== STUDY MATERIAL ==
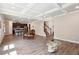 Spacious living area with an open layout, connecting the living room to the kitchen and dining spaces at 106 Logan Pass Dr, Loganville, GA 30052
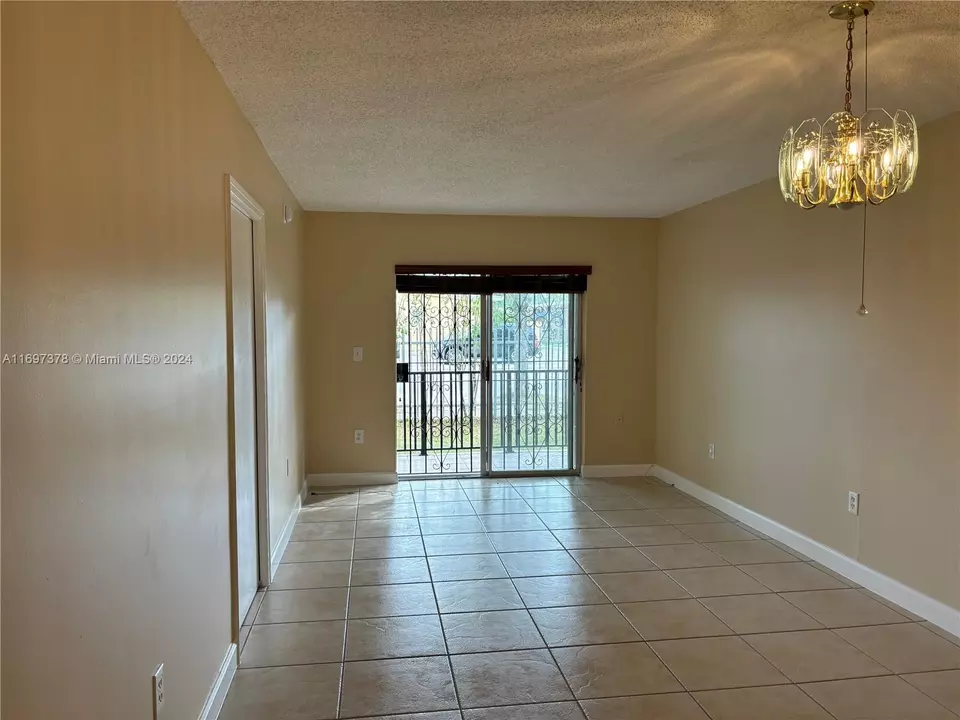Living - 3181 SW 13th St #111, Miami, FL 33145 photo 1 of 3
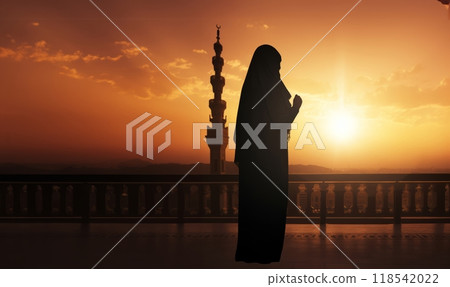 Silhouettes of a Muslim man and woman praying at a sacred site, bathed in the golden light of sunrise and sunset.Generated image 118542022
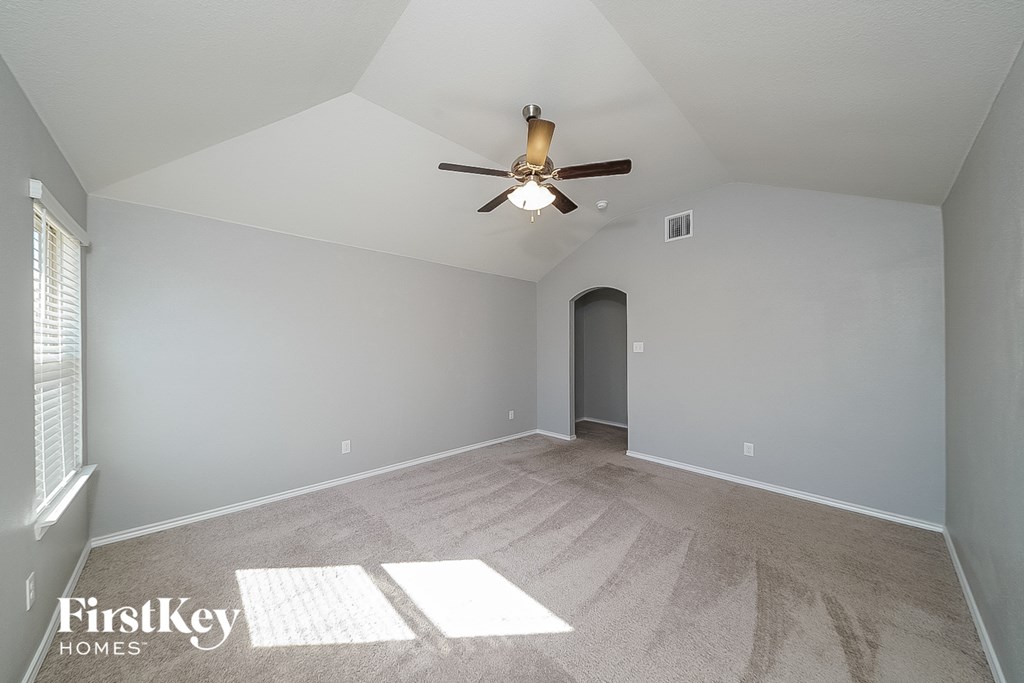 the spacious living room with ceiling fan and carpet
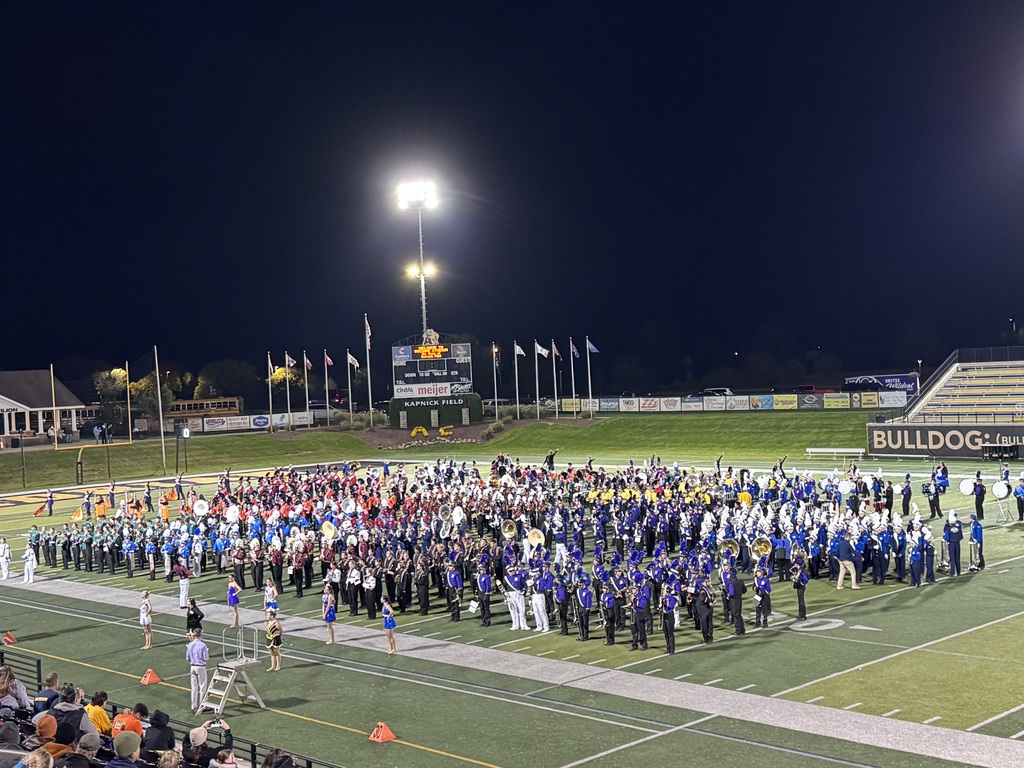 lenawee county marching band students performing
===
WORK INSTRUCTIONS:
Without the pictures, give back the entries exactly.

RESULT OF THIS TASK:
 Spacious living area with an open layout, connecting the living room to the kitchen and dining spaces at 106 Logan Pass Dr, Loganville, GA 30052
Living - 3181 SW 13th St #111, Miami, FL 33145 photo 1 of 3
 Silhouettes of a Muslim man and woman praying at a sacred site, bathed in the golden light of sunrise and sunset.Generated image 118542022
 the spacious living room with ceiling fan and carpet
 lenawee county marching band students performing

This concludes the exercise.